Anything. Anything was fine. Josh couldn’t sit on the barstool anymore. He came around and stood next to her, handing her the bread from the bread box.
She’s mine.
Almost.
They sat at the table, where he ate his sandwich in three bites, washing it down with a Coke, aching for her to eat faster. But she paused to look up at him with those eyes blue as the sea.
“Josh, was that last letter really for me?” Morgan’s voice had a hint of trepidation as she looked up from her sandwich.
“Yeah.” He couldn’t believe she was still thinking about them. “But I don’t know what possessed me to give them to you, when they’re nothing but worthless, one-line mess-ups.” They were so embarrassing.
Morgan’s eyes dipped and she set her glass of water down. “They’re worth something to me. More than you know.”
Really? They even made sense? At the moment, Josh had been desperate. She wasn’t answering his calls or coming to the door at Tory’s place. The letters on the back seat of the truck hit his eye, and in a fit of recklessness he thought of giving them to her. As soon as he’d made that decision, peace had come over him, and for the moment it seemed like the right thing to do. Then, the moment they landed in her hand, he’d been sick, realizing she’d know—one, that he was a sucky writer of love letters; two, that he had been keeping notes all the time they were together, and that he’d been pretty surface-focused for a long time about her; and three, that he was a goner and had been so for a long time, all while keeping her at a distance and being untrue to both Brielle and Morgan at the same time. And himself.
“Really? How much?” He hadn’t known how she’d react to them. However, his instinct, or maybe his prompting guardia
n angel, had been right. They’d been the thing that brought her running to find him. He glanced toward the kitchen and caught sight of the sink. Memories of the day he’d burned his hand and she’d healed it with the cold running water flashed to his mind. He stood and lifted her to her feet, pulling him close to her. She was amazing.
“Everything.” She placed her arms around his neck and twirled the back of his hair with her fingers. It was heaven.

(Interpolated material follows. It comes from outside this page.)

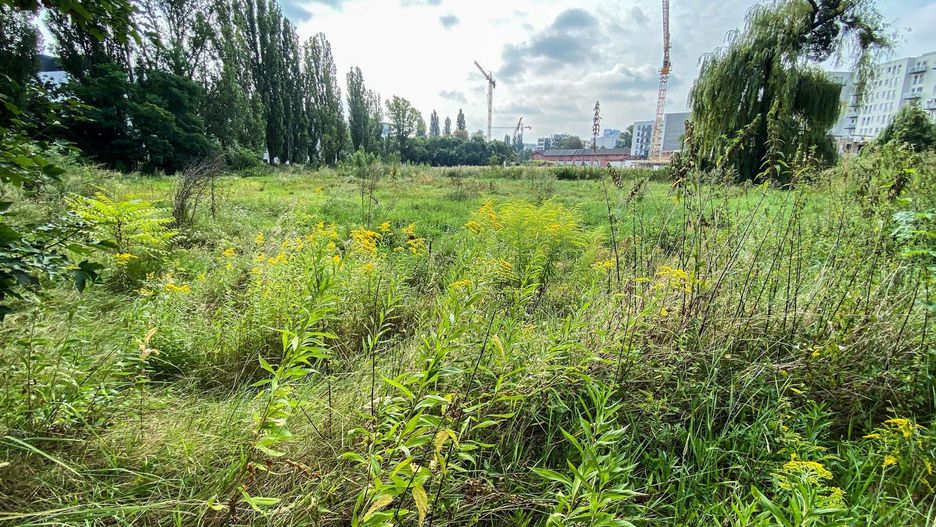 park zieleń krzaki krzewy wiosna pogoda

She kissed his chin, along his jaw, up to his ear, where she whispered, “Absolutely everything.”
Shards of electricity shot through every part of his body. “Come with me.” He took her by the hand and led her to the living room. First, he placed her on a chair beside the glow of the tree, which made her hair look like spun gold. “There’s something I need to ask you.”

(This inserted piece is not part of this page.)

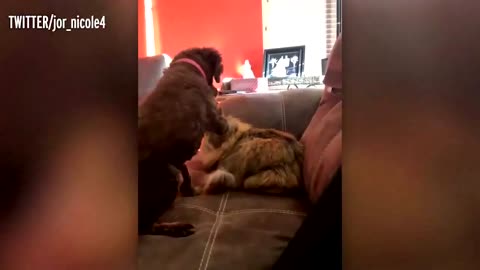 Adorable dog Appears To Stroke Cat Before The 'Best Friends' Hug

Morgan laughed softly, that flirty, feminine laugh that went straight to his heart. She was looking up at him, her blue eyes deep and wide and expectant. At the dip of her collarbone lay the jewel he’d given her on Christmas Day, glinting a dark red against the twinkle of the tree’s lights. Perfect.
Josh, heart pounding in his chest and his ears, slipped to one knee and pulled from his shirt pocket the thing he’d been holding onto for just this moment.
“Morgan. Everything we’ve done has been out of order. Marriage, then love, then dating. And I’m sure I made you suffer to some degree. Like Oscar Wilde said, if we men married the women we deserved, we’d have a very bad time of it. I’ll never deserve you, but I’ll live the rest of my life trying to. And I’ll do everything in my power to make your life blissful.” These were big promises, but looking up at the calm strength of her face, its beauty and goodness, for the moment, he actually believed he could deliver on them. He was invincible with the power of this woman’s love. “Morgan. Will you be my wife?”
Josh knew Morgan understood all he meant by this. It was more than just a living arrangement, a joining of their legal affairs, or a promise to support or be there for one another. It was a request to be one with him, from now on and forever. The thought of forever with Morgan gave him a vast vision that he’d felt when the two of them stood together looking out over the waves and broad horizon of the Pacific Ocean—a never ending expanse to explore. Together. Come what may.